Bruce Charlton said...

@Crosbie - So eager was I to rant against Dunbar's number (!), that I forgot to provide a relevant comparison. To administer Norway, with a smaller population than Denmark, the Third Reich required 3,000 Germans - which is considerably more than thirty-fold extra, per unit of population.

The point made was that Germany wanted to be efficient in their exploitation - to get the most resources from their colony (especially in food) for the least input of manpower and effort. Soft totalitarianism - if you can get away with it - is far more efficient than the hard type; but the basic system (i.e. totalitarianism) is the same.
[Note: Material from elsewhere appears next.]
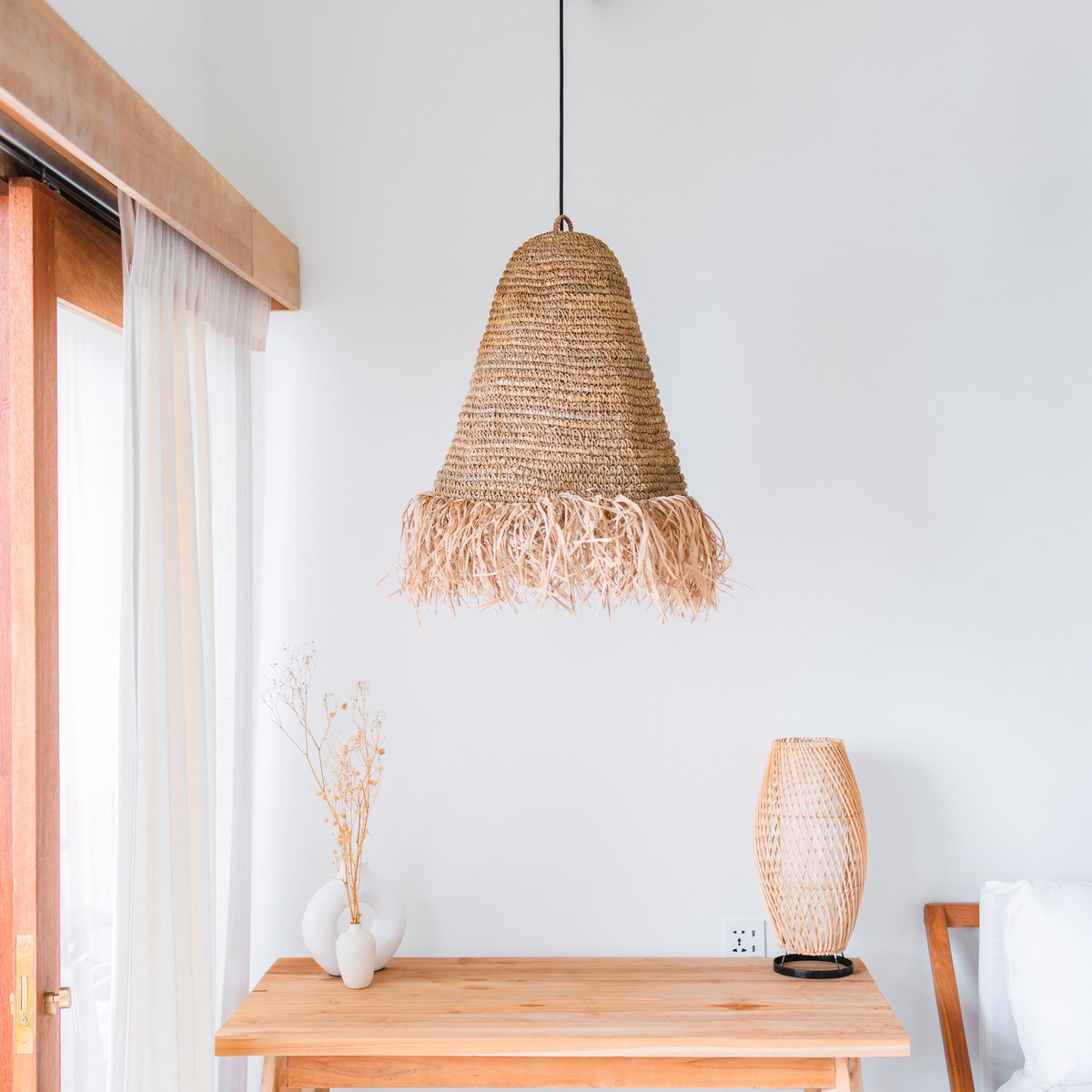 Raffia Boho Lampenschirm – Hängelampe – Pendelleuchte, handgewebt mit langen Fransen (3 Größen Ø 30/40/50 cm) KALIMA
The way in which here-and-now Western soft totalitarianism is auto-subverting (for instance by investing in vast and accelerating mass immigration with increasing "antiracist" preferences) *will* lead to the need for hard totalitarianism, or else social collapse - which indicates that the Western totalitarian system has broken down, internally - and is now strategically seeking to destroy itself.

Rich said...

Bruce, you might like Byung Chul Han's Psychopolitics: Neoliberalism and New Technologies of Power. He writes about how soft power is more effective than hard power. When there isn't any *one* to rebel against there isn't any rebellion. Which is very much what we see in the west, there is no rebellion, but the soft power is immense and all-consuming for most everyone.

Bruce Charlton said...

@R - One of the ain factors in enabling more effective "soft" power is probably the vast expansion of mass media, plus I think the leadership class learned lessons from the dictatorships of the mid-war era.